* Directions for this task
Look through the entries below for the line with "Hello everyone, welcome" and the line with "Let's explore the", then give again exactly those two lines and all lines between them, minus the pictures.

* Data to examine
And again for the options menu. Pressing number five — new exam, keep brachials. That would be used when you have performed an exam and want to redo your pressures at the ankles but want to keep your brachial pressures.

==

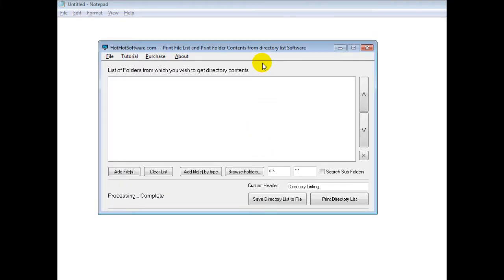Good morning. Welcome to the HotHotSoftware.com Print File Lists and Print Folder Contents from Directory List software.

...

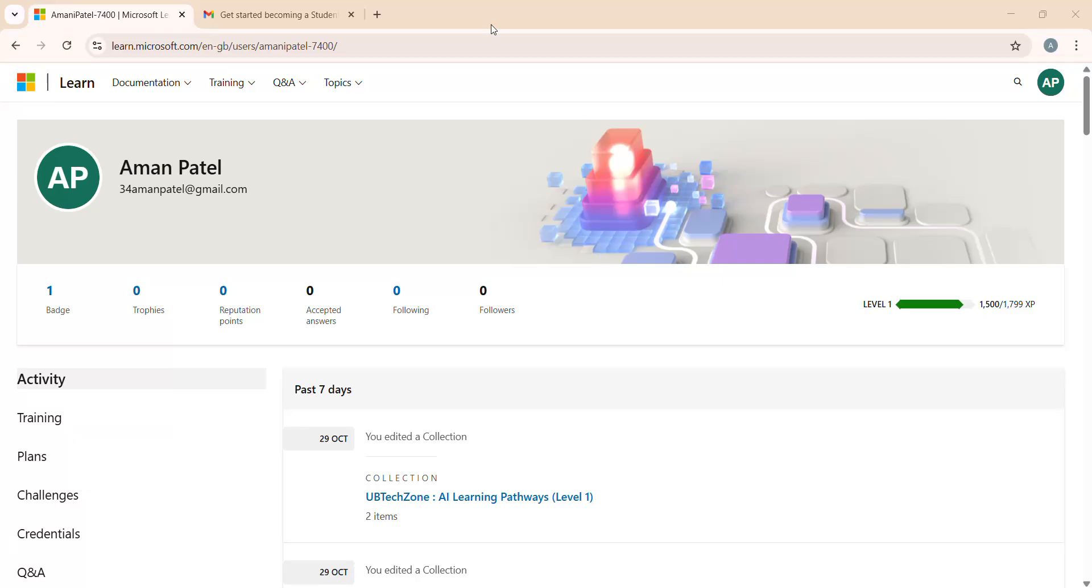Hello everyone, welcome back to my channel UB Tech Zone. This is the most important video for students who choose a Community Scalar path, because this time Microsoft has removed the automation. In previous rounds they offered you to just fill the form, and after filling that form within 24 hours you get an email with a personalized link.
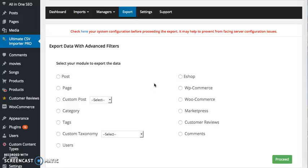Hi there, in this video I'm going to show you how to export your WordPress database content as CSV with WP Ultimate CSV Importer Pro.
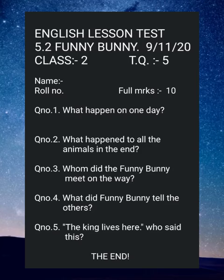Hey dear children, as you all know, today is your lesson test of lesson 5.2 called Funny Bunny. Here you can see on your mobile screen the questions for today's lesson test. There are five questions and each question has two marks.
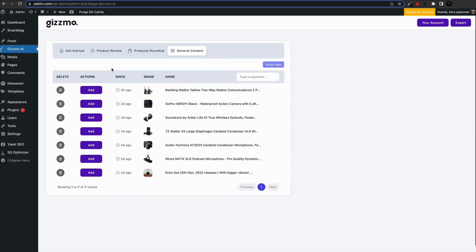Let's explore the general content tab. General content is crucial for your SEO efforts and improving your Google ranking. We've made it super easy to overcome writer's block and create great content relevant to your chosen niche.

* Result of the task
Hello everyone, welcome back to my channel UB Tech Zone. This is the most important video for students who choose a Community Scalar path, because this time Microsoft has removed the automation. In previous rounds they offered you to just fill the form, and after filling that form within 24 hours you get an email with a personalized link.
Hi there, in this video I'm going to show you how to export your WordPress database content as CSV with WP Ultimate CSV Importer Pro.
Hey dear children, as you all know, today is your lesson test of lesson 5.2 called Funny Bunny. Here you can see on your mobile screen the questions for today's lesson test. There are five questions and each question has two marks.
Let's explore the general content tab. General content is crucial for your SEO efforts and improving your Google ranking. We've made it super easy to overcome writer's block and create great content relevant to your chosen niche.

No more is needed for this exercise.